Que constate-t-on durant la période hellénistique? Une circulation et une diffusion importante des connaissances doublée d’une grande activité intellectuelle. Grâce à toutes ces bibliothèques, on a pu faire une synthèse de la culture grecque (en incluant même des cultures voisines). On a revisité les auteurs anciens. Aucune de ces bibliothèques n’a survécu au temps, ni celle d’Alexandrie, ni celle de Pergame. Peu importe donc que César lui ait bouté le feu. L’essentiel est en fait que ces bibliothèques ont existé, que les connaissances et les idées ont circulé. Grâce à cela, nous avons pu conserver des connaissances qui auraient été perdues autrement.
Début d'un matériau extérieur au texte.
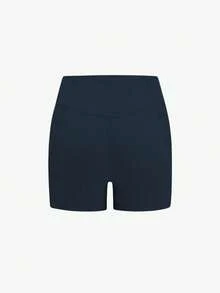 Dark Blue Athletic Shorts For Tween Girls, Featuring A Creative Paneled Construction With Functional Side Pockets, Made From High-Stretch Comfortable Fabric For Unrestricted Movement, Ideal For Cycling, Jogging, Yoga Sessions, And Versatile Training Activities - Navy Blue - View 4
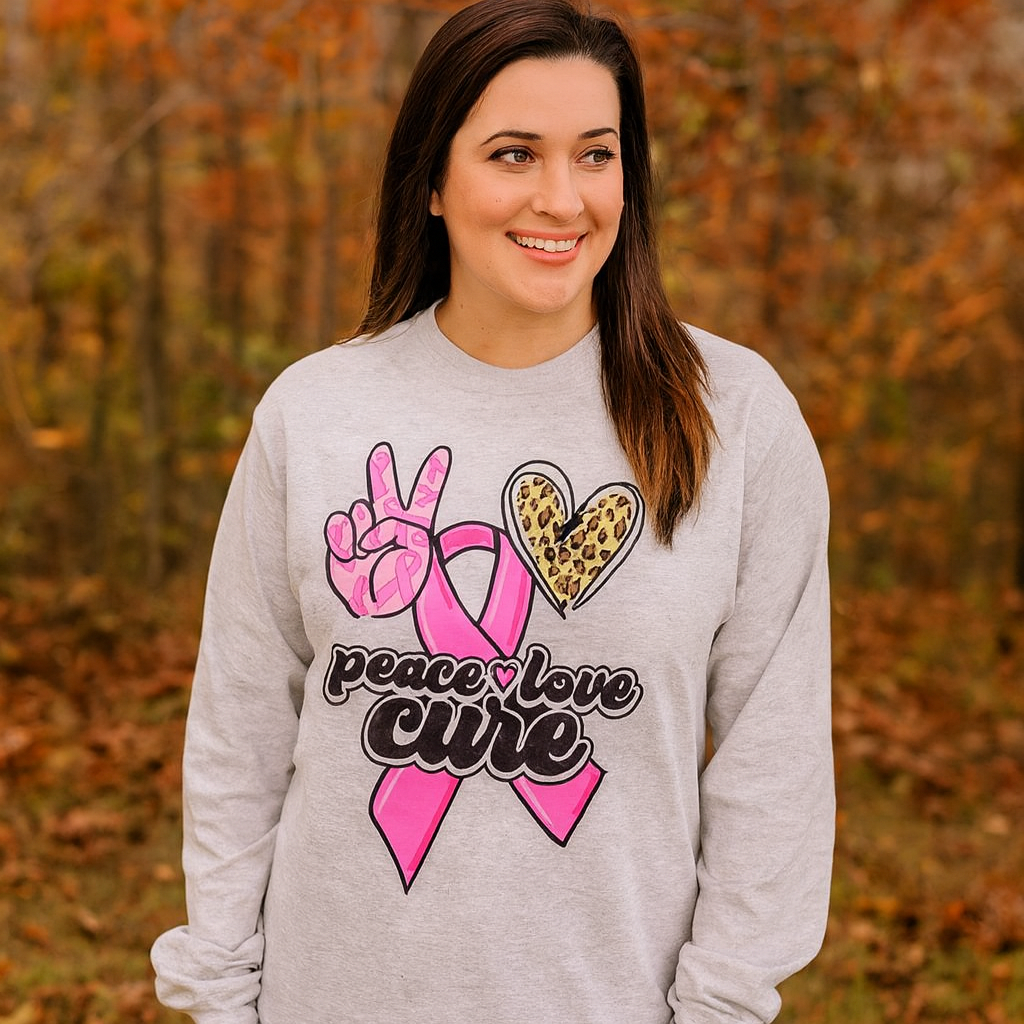 Girlie Girl Originals Peace Love Cure Breast Cancer Leopard Long Sleeves T Shirt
Bien entendu, on peut regretter que les savants hellénistiques aient fait des sélections comme les pièces des Tragiques qui méritaient de passer à la postérité. Sans eux cependant, on aurait peut-être perdu l’ensemble de ces oeuvres.
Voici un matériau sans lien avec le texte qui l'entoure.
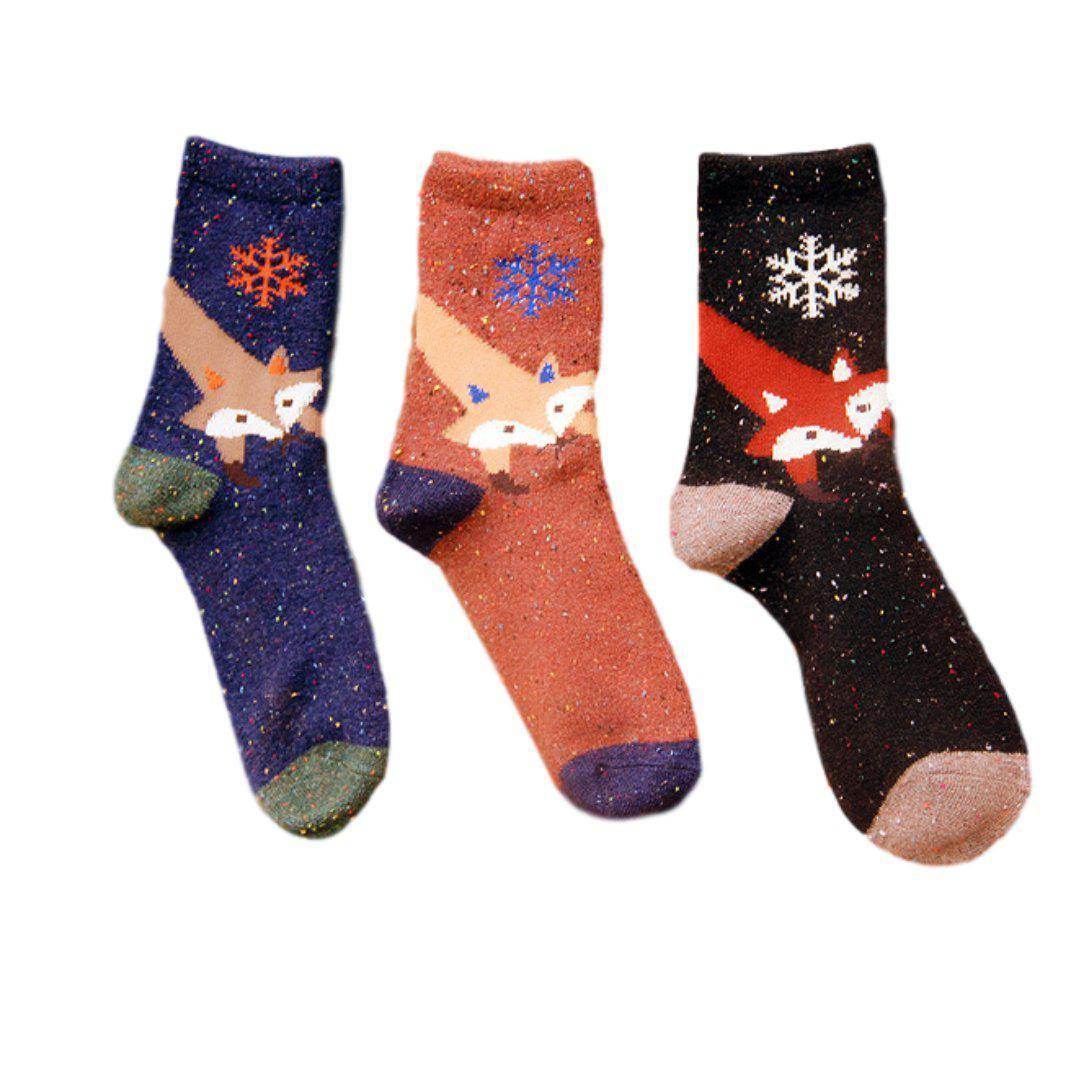 SNOWFLAKE FOX LIGHTWEIGHT WOOL BLEND SOCKS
Bibliothèque romaine privée
Crédit : http://www.vroma.org/
N’assiste-t-on pas à un phénomène analogue aujourd’hui? De plus en plus de connaissances sont maintenant accessibles et les efforts de numérisation continuent. En même temps, ces connaissances font l’objet de discussions, de commentaires, de synthèses, de recompositions, d’indexation. Ce qui nous distingue de l’époque hellénistique, c’est le nombre de personnes qui ont accès à ces connaissances, parce qu’elles savent lire et qu’elles ont un appareil leur permettant d’y accéder à disposition. Il y a là un formidable catalyseur de découvertes, de progrès scientifiques, ce d’autant plus que les outils que nous avons à disposition facilitent la collaboration et le partage. C’est ce phénomène qui mérite d’être reconnu aux yeux des générations futures.
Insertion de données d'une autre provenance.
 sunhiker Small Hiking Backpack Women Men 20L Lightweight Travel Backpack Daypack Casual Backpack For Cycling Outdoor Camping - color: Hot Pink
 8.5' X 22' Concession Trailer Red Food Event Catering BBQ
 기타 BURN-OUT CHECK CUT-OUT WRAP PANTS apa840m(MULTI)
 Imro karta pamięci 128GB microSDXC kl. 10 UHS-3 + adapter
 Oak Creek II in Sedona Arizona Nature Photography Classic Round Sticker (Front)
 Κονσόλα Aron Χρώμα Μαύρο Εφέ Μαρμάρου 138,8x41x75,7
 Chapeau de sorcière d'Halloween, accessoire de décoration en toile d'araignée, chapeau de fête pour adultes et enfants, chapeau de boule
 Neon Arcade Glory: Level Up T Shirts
Nous avons regardé dans le passé. Plongeons-nous dans le futur maintenant, mais dans celui de la science-fiction. Dans son cycle Fondation, Isaac Asimov pose une question intéressante. Son personnage, Hari Seldon, montre que les civilisations connaissent des cycles de mort et de renaissance. Grâce à une science qu’il a développé, la psychohistoire, il parvient à calculer l’intervalle entre la mort prochaine de sa propre civilisation et celle qui lui succédera. Comme cet intervalle est long (30′000 ans), il se demande comment le réduire. C’est ainsi qu’il crée aux confins du monde deux fondations formées de savants qui ont pour tâche de rédiger l’Encyclopedia Galactica. Cela n’est pas sans rappeler le rôle des Monastères du Moyen-Âge qui ont thésaurisé des connaissances de l’Antiquité pour le plus grand bénéfice de notre culture.
Pour revenir à la question de l’archivage, on voit bien que l’exhaustivité n’est pas requise. Un processus de sélection doit intervenir, qu’il se fasse par un choix conscient ou sui generis (ou une solution hybride). Nous n’en sommes peut-être pas encore là. Pour l’instant, il s’agit de tout mettre sur la table, de faire l’inventaire de nos connaissances, de rediscuter peut-être les critères qui nous permettent de qualifier ces connaissances.